2013-11-14 Thread chris peck
I'm not an expert on climate change. I know a couple of things though.

I know that according to a fairly large scientific consensus the planet might 
be getting hotter. I know that these predictions are based on flawed models of 
the weather system and how it operates. I also know that whilst flawed and not 
being the best possible models, there is a consensus amongst scientists that 
they are the best available models. They may not actually be the best 
available, there might be a largely ignored model that is bang on target, but 
there is a consensus that they are. This consensus exists within a bunch of 
people who are fairly intelligent and have spent a long time thinking about the 
models. This consensus has largely be reached independently.

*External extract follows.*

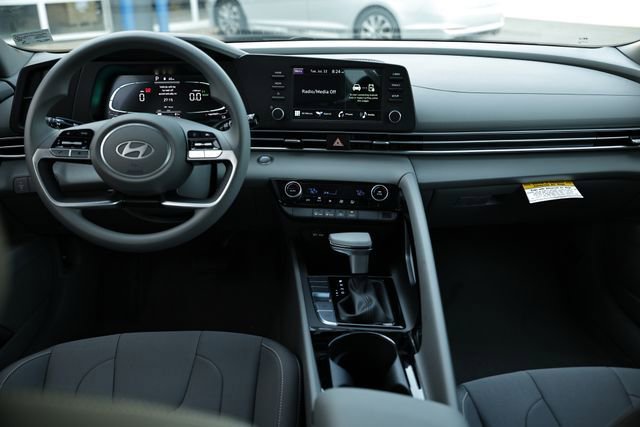 New 2026 Hyundai Elantra Hybrid FWD image 9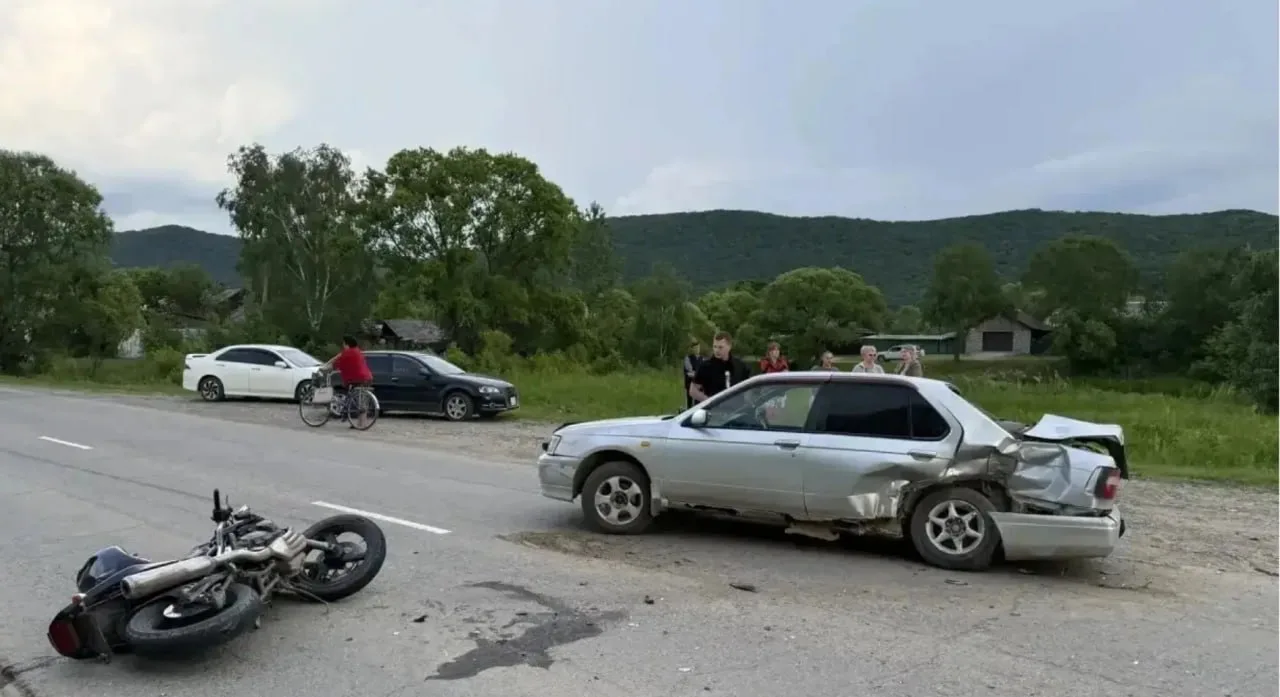 15-летний мотоциклист разбился насмерть под колесами иномарки в Приморье.

В селе Рощино подросток н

I'm far too busy feeding my family and arguing about angels on pin heads to 
make it my life's goal to become an expert on climate change. Given that, it 
would be irrational of me not to act in accordance with the consensus. I know I 
must not fall into the 'Top Gear syndrome' and deride the consensus because I 
love cars. Or fall into the 'free love syndrome' and support the consensus 
because I love hugging trees. That would be silly. I act in accordance with the 
consensus because there is one, because it is a scientific one, and because it 
is born of minds that are fairly brainy.

The climate change scientists who do not support the consensus academically are 
being irrational if they do not support it politically. Again, this is because 
there is amongst brainy people like themselves a consensus which disagrees with 
their academic work. They should recognize their own personal fallibility. 
Equally though, the larger community should recognize the fallibility of the 
consensus and ensure that the attempt to refute the consensus continues with 
full financial support. But their studies should not be acted upon politically 
until it becomes a consensus. This oils the gears of progress.

There was a time when the consensus was that the earth was flat and only a few 
years old. That demons were the cause of illness and an apocalypse was 
imminent, and that sinners were destined to hell fire. If that was the 
consensus amongst brainy people who had spent time thinking about it, it would 
have been irrational to act in contradiction to it.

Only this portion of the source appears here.